Ultracold Gases & Nanophotonics
Atom-Surfaces Physics, and Nano-Photonics

Atom-Surfaces Physics, and Nano-Photonics

Using metamaterial to tune the atom-surface interaction

We are exploring the strong scientific potential of merging atoms with nano-structured material, where the electromagnetic environment can be engineered almost at will, for new atom-light coupling perspectives. We focused on metallic metasurfaces with a periodic arrangement of nano-slits (see Figure). With these, we could tune the surface plasmonic resonance such that it coincides with an atomic resonance. We show that the atomic resonance was deeply modified by the presence of the broad surface plasmonic resonance, leading to a Fano-type lineshape [1]. However, we need to consider the Casimir-Polder interaction to address weak atomic transition shifts, not captured with our Fano model. Interestingly, besides the usual non-resonant contribution, the Casimir-Polder interaction was also due to the plasmonic resonance itself, which we were able to vary the frequency by changing the geometry of the metasurface. With this technology in hand, we realize the first tuneable Casimir-Polder device in the optical domain and measure the Casimir-Polder absorptive response [2]. We proposed a compact version of this device, where the metasurfaces were engraved on the tip of optical fibers for future gas-sensing devices [3]. We also investigated the enhancement of weak atomic signals thanks to the metamaterial, and we were the first group to realize the coupling of an electric quadrupole transition with a surface plasmonic resonance [4]. Finally, we proposed a metasurface design to shape the vacuum environment such as it becomes anisotropic, in planes normal to the surface. This configuration gives extra correlations (otherwise absent in the usual isotropic vacuum) in the atomic induced-dipole moment leading to long lifetime coherences in the ground state manifold of the atom [5].

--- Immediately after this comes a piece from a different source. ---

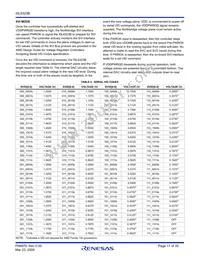 ISL6323BIRZ Datasheet Page 17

The atom/metamaterial hybrid system. 10 metamaterials of size 200 μm × 200 μm with different plasmon resonance are engraved on a windows (see real image picture on the right upper corner). The metamaterial is a periodic arrangement (period ~400 nm) of nano-slits (see SEM image on the right).

[1]      S. A. Aljunid, E. A. Chan, G. Adamo, M. Ducloy, D. Wilkowski, and N. I. Zheludev, “Atomic Response in the Near-Field of Nanostructured Plasmonic Metamaterial,” Nano Lett., vol. 16, no. 5, pp. 3137–3141, May 2016, doi: 10.1021/acs.nanolett.6b00446.

[2]      E. A. Chan, S. A. Aljunid, G. Adamo, A. Laliotis, M. Ducloy, and D. Wilkowski, “Tailoring optical metamaterials to tune the atom-surface Casimir-Polder interaction,” Sci. Adv., vol. 4, no. 2, Art. no. 2, Feb. 2018, doi: 10.1126/sciadv.aao4223.

[3]      E. A. Chan, G. Adamo, S. A. Aljunid, M. Ducloy, N. Zheludev, and D. Wilkowski, “Plasmono-atomic interactions on a fiber tip,” Appl. Phys. Lett., vol. 116, no. 18, p. 183101, May 2020, doi: 10.1063/1.5142411.

[4]      E. A. Chan, S. A. Aljunid, G. Adamo, N. I. Zheludev, M. Ducloy, and D. Wilkowski, “Coupling of atomic quadrupole transitions with resonant surface plasmons,” Phys. Rev. A, vol. 99, no. 6, p. 063801, Jun. 2019, doi: 10.1103/PhysRevA.99.063801.

[5]      E. Lassalle et al., “Long-lifetime coherence in a quantum emitter induced by a metasurface,” Phys. Rev. A, vol. 101, no. 1, p. 013837, Jan. 2020, doi: 10.1103/PhysRevA.101.013837.